Taking the entries below, transcribe only the lines starting with the one with "POM - Golden" and going on through the one with "Trussardi Greyhound Borduurwerk", exactly as written, without the pictures.

====== DATASET CONTENT

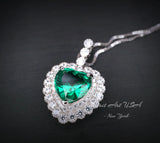 Emerald Necklace - Green Emerald Heart Pendant - Full 925 Sterling Silver 8 MM Double Halo Solitaire Green Heart Emerald Jewelry #429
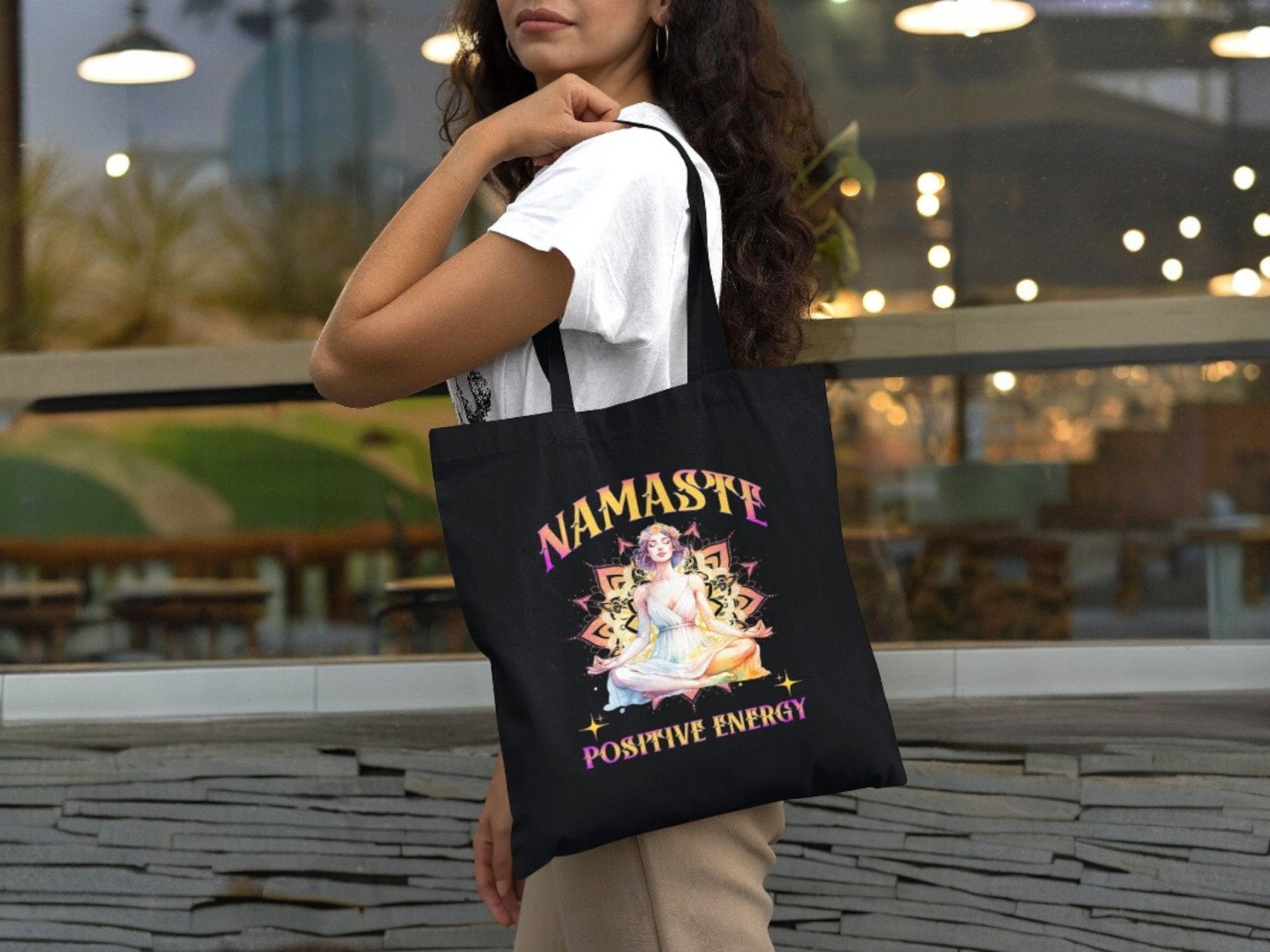Tote bag namaste chakra, tote bag design pensée positive, sac courses - Essences Agape 70501186
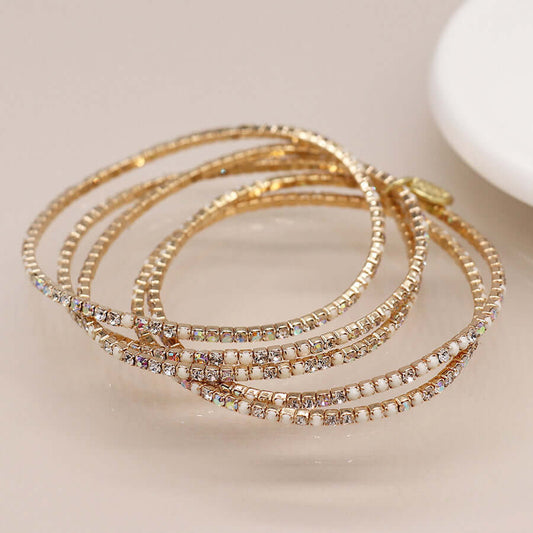 POM - Golden multistrand cream mix crystal bracelet stack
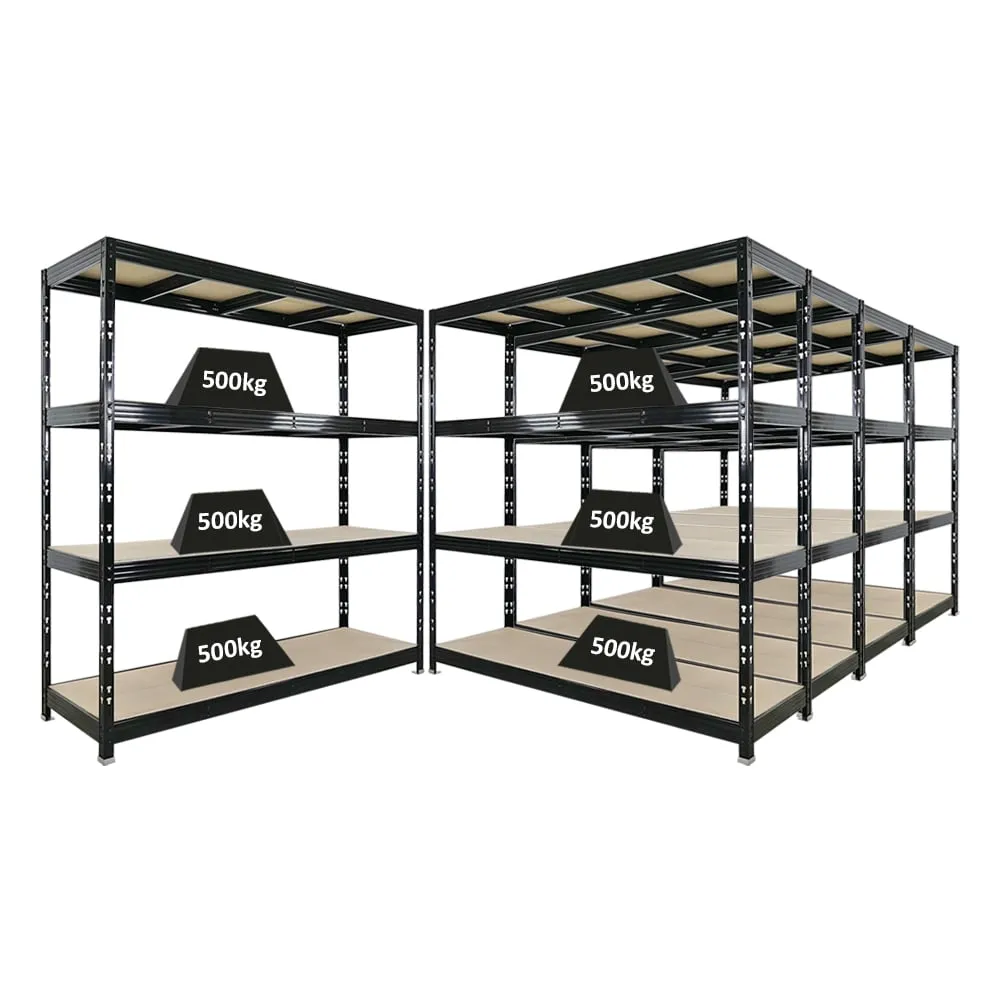Mega Deal | 5x Profi Schwerlastregal Rhino | HxBxT 200x200x60cm | 4 Spanplatten-Ebenen 8mm | Fachlast 500kg | Schwarz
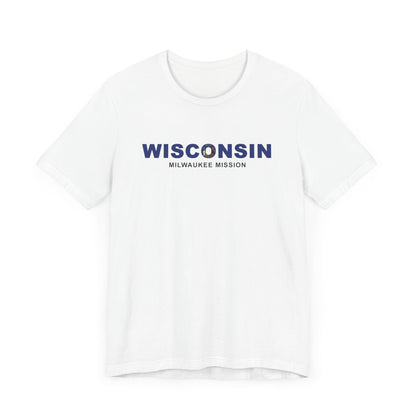 Wisconsin Milwaukee Mission Flag Title T-shirt - Latter-Day Saint LDS Missionary Gift - Book of Mormon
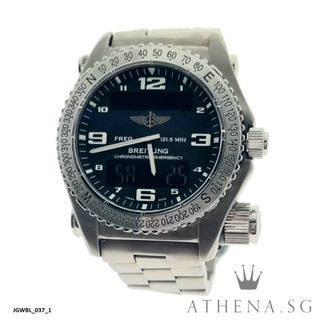 BREITLING EMERGENCY TITANIUM 43MM “BLACK DIAL” WITH BOX & CERT DATED 07/2006 E76321  JGWBL_037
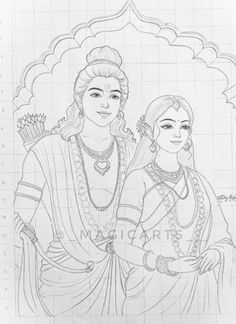 Ram Sita Drawing Pencil, Ram Siya Drawing Sketch, Siya Ram Sketch, Sita Ram Drawing Easy, Simple God Drawings, Indian God Drawing Easy, Cute Ram Sita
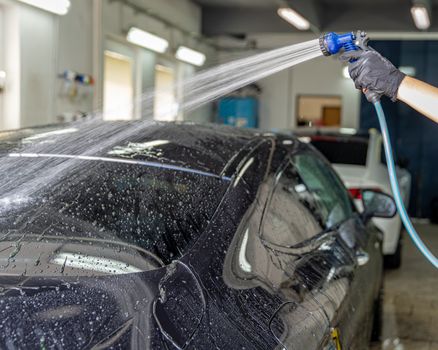 hand car wash in the garage.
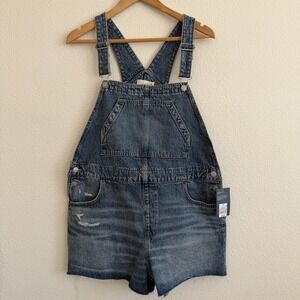 Universal Thread Bib Overall Shortalls Womens Sz 12 Denim Distressed Raw Hem NWT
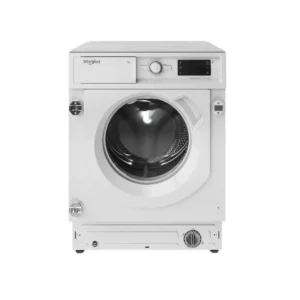 Imagen frontal de la lavadora integrable Whirlpool BI WMWG-81485E EU con capacidad de 8 kg, 1400 rpm y motor inverter eficiente Clase B, ideal para cocinas modernas y disponible en Electrocash.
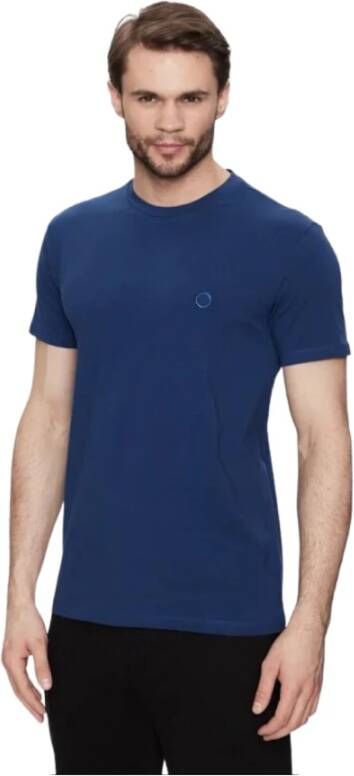 Trussardi Greyhound Borduurwerk Katoen Stretch T-Shirt Blauw Heren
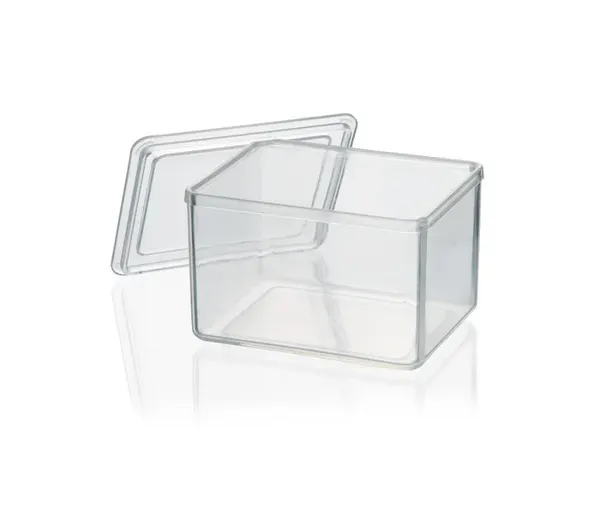 Brand GmbH & Co. KG Staining jar, PMP, crystal clear, 101x83x70 mm, without insert with 2 lids, 4 pc/PAK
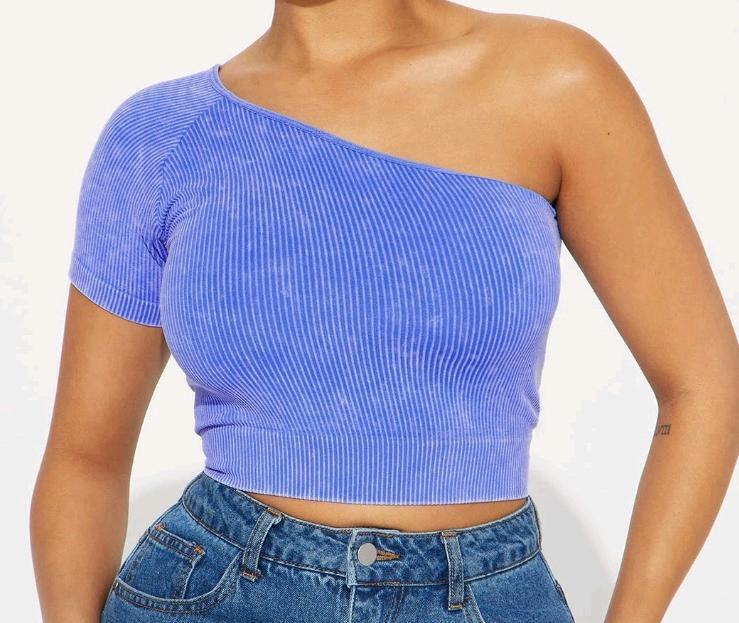 New - Women's Size S/M Fashion Nova Sammie Washed Shoulder Top , Blue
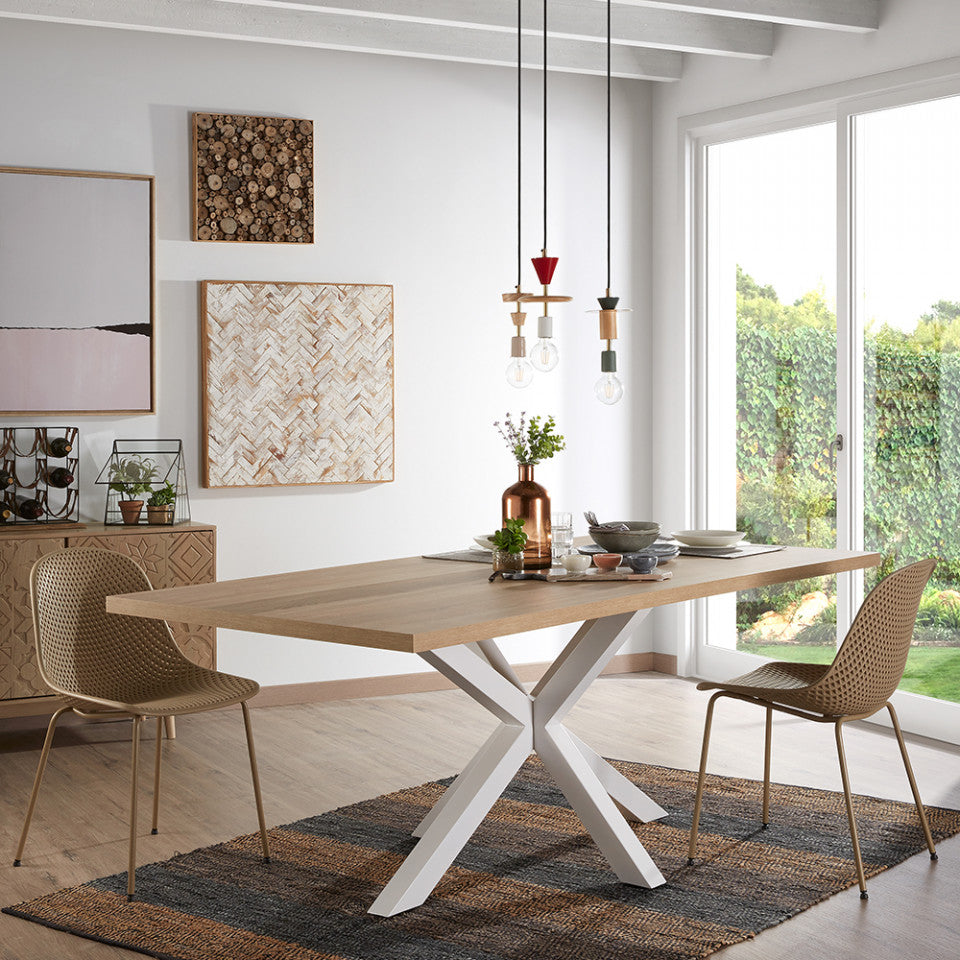 Masa dining alba/maro din metal 100x200 cm Argo Kave Home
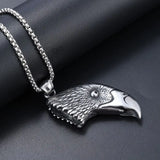 Vintage Eagle Head Pendant Necklace Jewelry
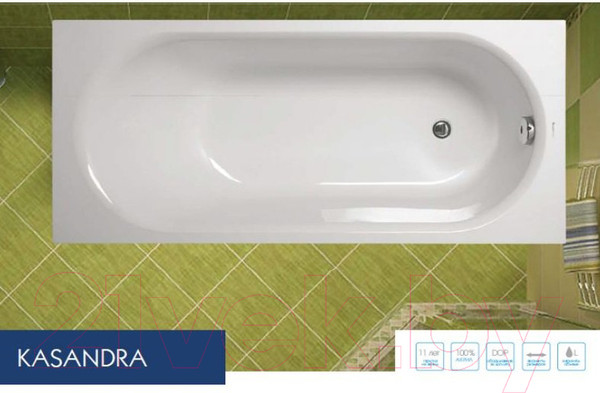 Изображение товара Ванна акриловая VagnerPlast Kasandra 150x70 / VPBA157KAS2X-04 (с каркасом)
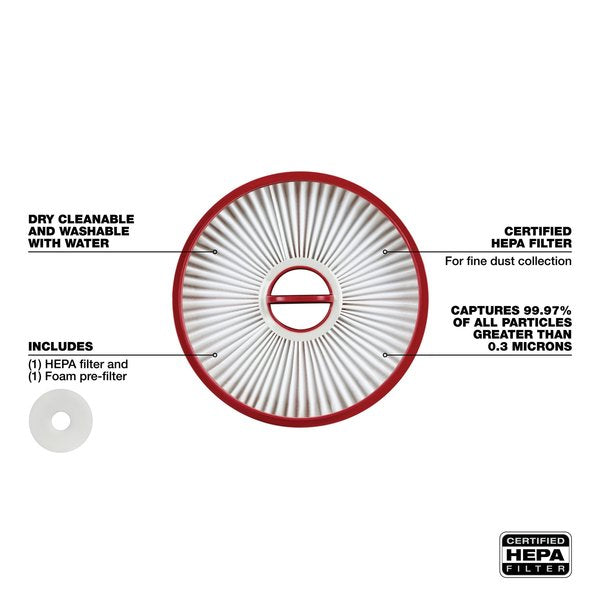 HEPA Dry Filter for M18 FUEL Compact Vacuum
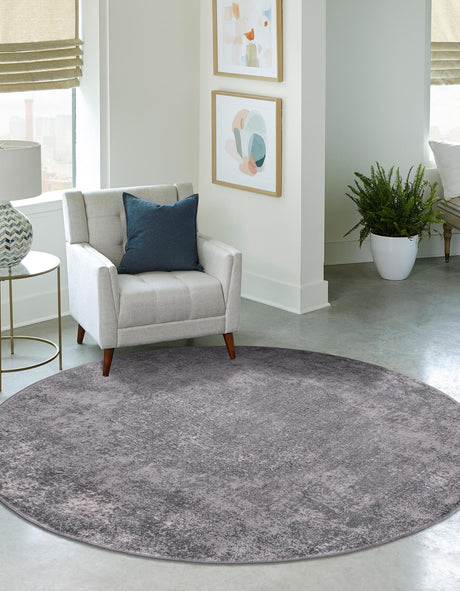 Gray 4' 1 x 4' 1 Portland Round Area Rug 85% Polypropylene & 15% Polyester Vintage Distressed Traditional Carpet for Home Decor for Sale at Rug Engine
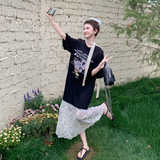 2025新款韩版设计感时尚简约休闲圆领短袖米奇T恤蕾丝拼接连衣裙，商品下架区，浙宝159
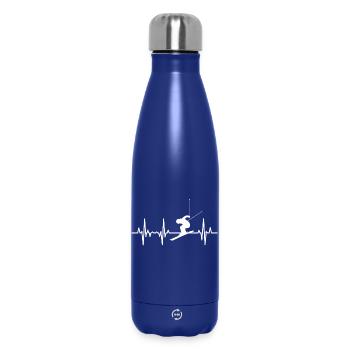 Skiing Heartbeat - Insulated Water Bottle 500 ml - dark blue  - Front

============

### EXPECTED ANSWER
 POM - Golden multistrand cream mix crystal bracelet stack
Mega Deal | 5x Profi Schwerlastregal Rhino | HxBxT 200x200x60cm | 4 Spanplatten-Ebenen 8mm | Fachlast 500kg | Schwarz
 Wisconsin Milwaukee Mission Flag Title T-shirt - Latter-Day Saint LDS Missionary Gift - Book of Mormon
 BREITLING EMERGENCY TITANIUM 43MM “BLACK DIAL” WITH BOX & CERT DATED 07/2006 E76321  JGWBL_037
 Ram Sita Drawing Pencil, Ram Siya Drawing Sketch, Siya Ram Sketch, Sita Ram Drawing Easy, Simple God Drawings, Indian God Drawing Easy, Cute Ram Sita
 hand car wash in the garage.
 Universal Thread Bib Overall Shortalls Womens Sz 12 Denim Distressed Raw Hem NWT
 Imagen frontal de la lavadora integrable Whirlpool BI WMWG-81485E EU con capacidad de 8 kg, 1400 rpm y motor inverter eficiente Clase B, ideal para cocinas modernas y disponible en Electrocash.
 Trussardi Greyhound Borduurwerk Katoen Stretch T-Shirt Blauw Heren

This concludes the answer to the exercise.